Тут Хейрия внесла блюдо с отбивными бараньими котлетами и черносливом.

— Если деньги приносили тебе, — вышел наконец из задумчивости Камаль, не обративший, очевидно, никакого внимания на теткину тираду, — кто-то ведь давал их тебе в руки.

— Конечно, — сказала тетя Садия. — Иначе как бы они у меня оказались?

— И этот кто-то… ты его знала?

— Конечно, дружок. А то как бы я доверилась ему и приняла от него деньги? Мы уж научены, как следует себя вести, будь спокоен. Этого человека все знают.

— Кто же он?

— Если так желаешь знать — Си-Азалла.

Камаль уставился невидящим взором на тетку, которой даже стало не по себе — такое смятение прочитала она на лице племянника.

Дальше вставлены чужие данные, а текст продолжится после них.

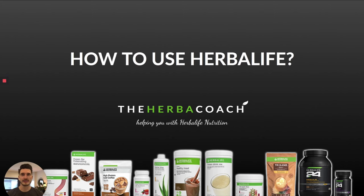Hey, how's it going? This is Coach Tom from The Herbal Coach. In this video I'm going to go over how to use Herbalife products. You're either thinking about starting with Herbalife, or you already received your products and are wondering how to use them to get the best result possible. So I'm going to cover this in this video — let's get into it.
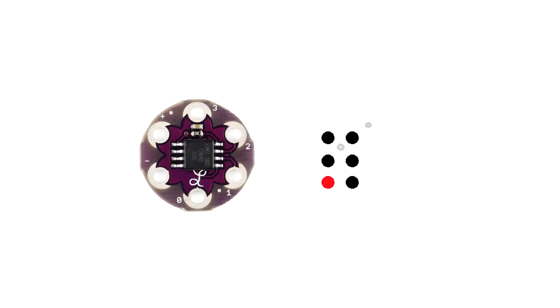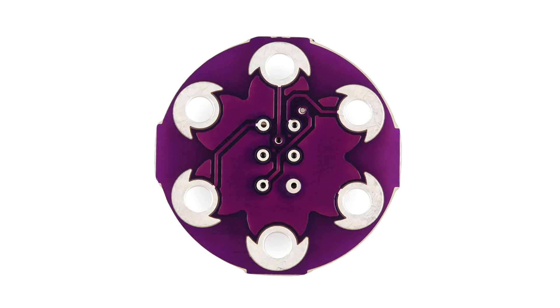Now if you have a look on the right hand diagram you'll see the bottom left pin is marked in red. You'll also see between the top 4 pins there's a small grey circle and one to the top right of that. That indicates on the back of the LilyTiny where the pin orientation is. This is a close up of the back of one of these boards.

— Послушай, что с тобой? Ты ведь его тоже знаешь. И не отпирайся, я вас несколько раз видела в городе вместе. Глаза у меня пока не сдали, слава богу!

— Странно, — прошептал Камаль и под внимательными взглядами матери и тетки принялся рассеянно жевать. Некоторое время он ел с отсутствующим выражением на лице, потом отодвинул тарелку. И вдруг разразился несуразным смехом.

Женщины переглянулись. Мадам Ваэд хотела что-то сказать, но тетя Садия положила ей руку на плечо. Камаль снова налег было на еду, но тут же, отложив салфетку, поднялся.

— Камаль, доешь сначала, — обратилась к нему мать.

Он вышел, даже не расслышав ее слов.

Тетя Садия и мадам Ваэд долгое время сидели молча, погрузившись в мысли, в которых они не решались признаться друг другу, а возможно, и самим себе. Удивительное дело — помимо их воли ими обеими овладело замешательство. В отношениях этих женщин за годы скопилось много всякого, больше, чем можно было предположить и допустить. Каждая из них знала другую как облупленную, и как только одной что-нибудь приходило в голову или она вознамеривалась что-либо сделать, другая каким-то таинственным образом это чуяла, и в ее сознании зарождалась противоборствующая мысль или замысел, потому что ставка была важна для обеих, ведь речь шла о мужчине, о Камале — чей он сын, муж, любовник, не играло роли, — на которого, с точки зрения женщины, другая, та, что считает его своим, всегда имеет меньше прав.